There aren’t any regular buses departing from this terminal – just shared taxis and minivans. Fortunately, the taxi driver who brought me also helped me negotiate with a shared taxi driver for Bamyan.
I paid 700 AFN to sit in the front seat for the journey to Bamyan. Note that in Afghanistan, you usually have to pay extra for the front seat, which I often did because I like placing my backpack in front of me. (If you’re female, you’ll probably have no choice but to sit in the front seat or perhaps even the trunk.)
As with shared taxis in other countries, the driver will only depart when full. I had to wait around an hour at the terminal, and we didn’t depart until around 11:00.
Without stopping, the drive to Bamyan should take around three hours, but we did stop for lunch along the way.
Finally, we made it to Bamyan Province, and I experienced a rather difficult security check shortly before town (not far from Shahr-e-Zohak).
The Taliban guards had me fill out a form with my basic info which was all in English. But for whatever reason, they kept asking the other passengers with me (some of whom I’d gotten to know a bit over lunch) if I was traveling with a translator or guide.
They seemed adamant that I was supposed to be accompanied by an official guide during my journey, even though this was NOT the rule in Afghanistan or Bamyan at the time of my visit.
They were quite grumpy about not being able to communicate with me, but at the same time, they didn’t have any specific questions for me that weren’t already on the form I filled out. Eventually, they let me (and my fellow passengers) go.
As mentioned above, Bamyan is easily my favorite destination in Afghanistan, but the local Taliban in the province were by far the most stressful to deal with.
Finally getting to town, the local Bamyan terminal is situated not far from the market. I was able to walk to my hotel, Noor Band Qala, in about ten minutes on foot.
LEAVING BAMYAN: As discussed, regardless of where you’re headed next, you’ll likely have to first return to Kabul after your stay in Bamyan. So just follow the steps above in reverse.
But also note that the ‘Bamyan Terminal’ in Kabul mentioned above also has shared taxis to Ghazni. Therefore, you can easily make it from Bamyan to Ghazni on the same day just by switching vehicles at that terminal. See our upcoming Afghanistan itinerary for more info.

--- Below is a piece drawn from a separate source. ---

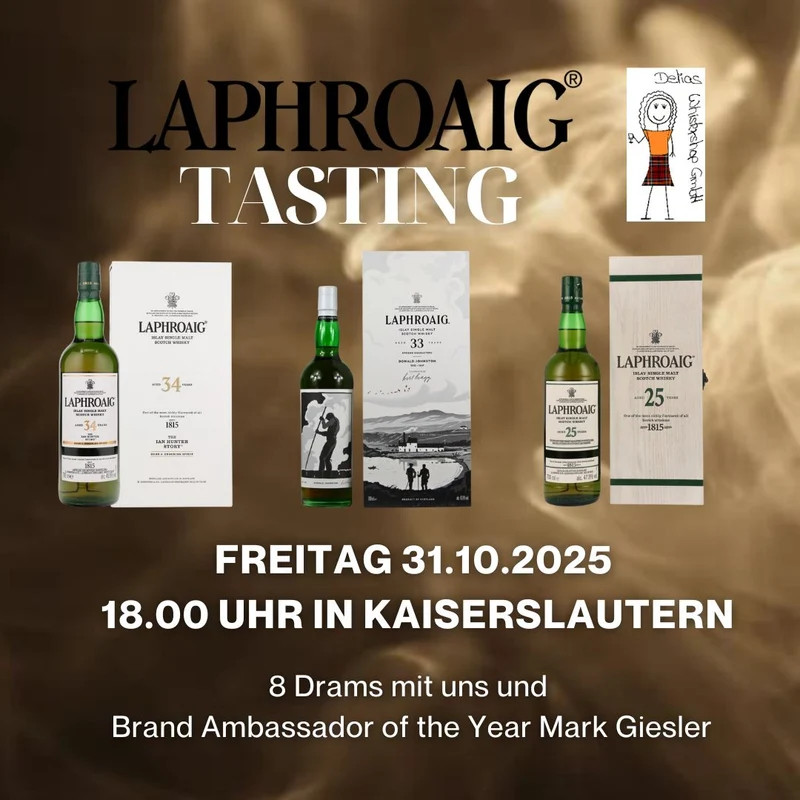 Laphroaig Super Premium Tasting - 8 Drams mit Ian Hunter Book 5 am 31.10.25 um 18Uhr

I would highly recommend Noor Band Qala Hotel, which is where most foreigners seem to stay in Bamyan.
Note that outside of Kabul, you’re going to have a hard time finding accommodation on sites like Booking. So you’ll often have to reserve places in Afghanistan by contacting them on WhatsApp first (or sometimes just showing up).
At the time of writing, you can contact Noor Band Qala at +93 77 107 1854.
I paid 1500 AFN per night, which included a private bathroom and breakfast (only served from 6:00-8:00!). The staff were very helpful and connected me with reliable drivers to places like Shahr-e-Zohak and Band-e-Amir National Park. As mentioned above, they also helped me with the local permit.
I stayed in a number of hotels throughout Afghanistan for around 1500 AFN, but this was among the most spacious and clean for the price. They even have hot water.
The Wifi mostly worked well, but it wasn’t always consistent. So be sure to get a SIM card in Kabul that you can use as a hotspot.